Una de las principales virtudes de The Crown son sus sutilezas. Durante sus cuatro primeras temporadas, esta serie jugaba muy bien con aquellos detalles, a menudo íntimos o incluso anecdóticos, que ayudaban a entender mejor el marco histórico donde transcurre la acción. El episodio dedicado a la tragedia minera y la gestión del luto era un brillante ejemplo. Es decir, que se nutre de la tensión entre lo que sabemos de una cosa, porque tenemos conciencia de haberla vivido o tenemos una buena hemeroteca, y como esta se representa en un relato de ficción. Hemos visto hechos reales, pero siempre dramatizados y, en consecuencia, legítimamente adaptados a sus necesidades narrativas. Lo primero que se tiene que decir de la quinta temporada, pues, es que se desinfla con respecto a sus predecesoras porque justamente se vuelve mucho más obvia y discursiva. Abre debates interesantísimos y muy modernos (la degradación de la monarquía, la dificultad en conciliar esfera pública y privada, las malas artes de los poderes fácticos, la falta de empatía) pero los estructura de una manera muy dispersa y raramente explicativa.

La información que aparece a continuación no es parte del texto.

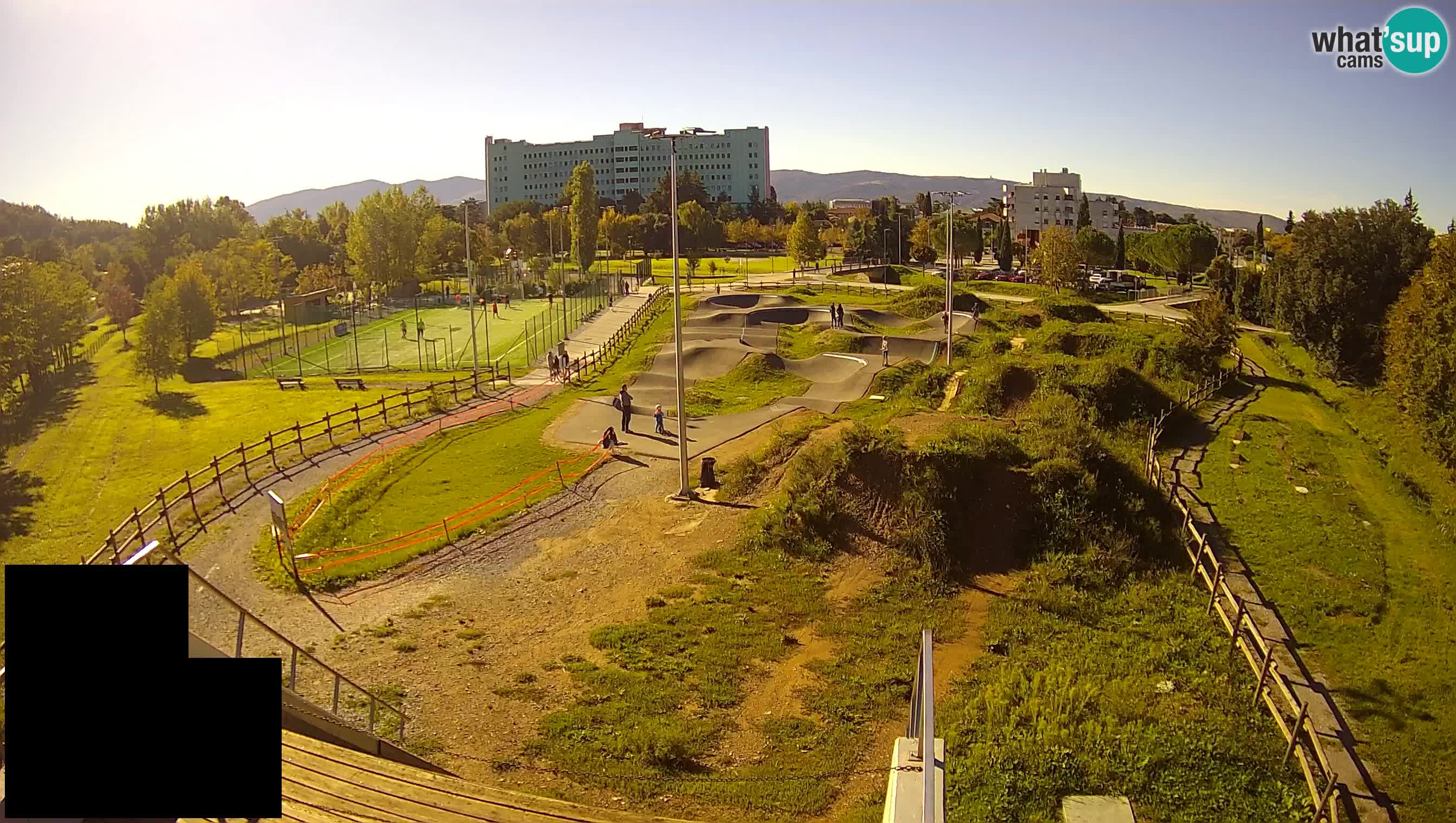 Webcam en direct du parc sportif de Šempeter pri Gorici – Slovénie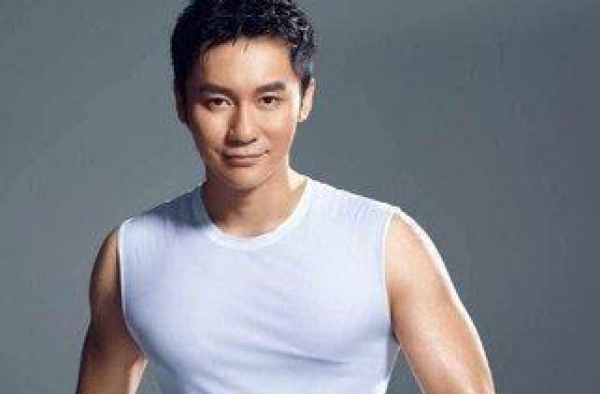 范冰冰前男友李晨，被曝有新欢，你知道这个人是谁吗？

Sólo hace falta ver cómo utiliza algunos de sus recursos. The Crown siempre se ha servido de montajes paralelos para subrayar analogías y mensajes, pero aquí lo hace de una manera tan tozuda y torpe que llega a molestar; la serie siempre se ha servido de las tramas secundarias para apuntalar la evolución de los personajes principales, pero aquí desaparecen demasiado de escena y hay hilos argumentales que están más pendientes de ser fieles a la realidad (o a la realidad que vendían las revistas del corazón) que no de su verdadera funcionalidad dramática; y siempre se las ha arreglado para sostener el interés de la historia a lo largo de diez episodios, pero aquí cae en tantas redundancias que acabas mirando más el reloj de lo que te esperabas. Y lo más importante, si bien el cambio de actriz para interpretar a Elisabet II es afortunado (Imelda Staunton siempre ha sido una gran actriz), el personaje de la Reina en su conjunto no alcanza el foco ni la intensidad de las anteriores temporadas. De hecho, en la primera mitad de temporada parece casi testimonial.
La quinta temporada es un gran prólogo de lo que vendrá
Eso no quiere decir que la quinta de The Crown no sea recomendable, porque sigue teniendo grandes momentos y sabe cómo mantener tu atención, pero sí que evidencia en exceso que es un gran prólogo para la temporada que pondrá toda la carne en la parrilla. Destaca, en este sentido, el buen trabajo poniendo en escena la brecha entre dos mundos: por una parte, la monarquía, este mundo caduco y arremolinado en su instinto de preservación que no quiere mirar hacia el futuro, y Diana de Gales, personaje que pasa a vivir definitivamente en un mundo inhóspito de interiores asfixiantes y relaciones permeables.
Los hitos y los errores de la quinta temporada quedan perfectamente resumidos en sus personajes principales y los actores que los interpretan: mientras Dominic West no consigue trascenderse a él mismo y se le nota en todo momento que prueba de parecerse a alguien, Elizabeth Debicki obra el milagro de capturar toda la esencia de Lady Di centrándose en sus particularidades. El contraste entre ellos y el universo que representan, que articula buena parte de la narración, es el que acaba valiendo más la pena de la historia, que tenía el reto evidente de documentar unos acontecimientos que el espectador percibe como próximos. Quizás este es el problema que empieza a tener The Crown, que ha tomado demasiada conciencia de ella misma y se empeña en ser lo que se le pide que sea.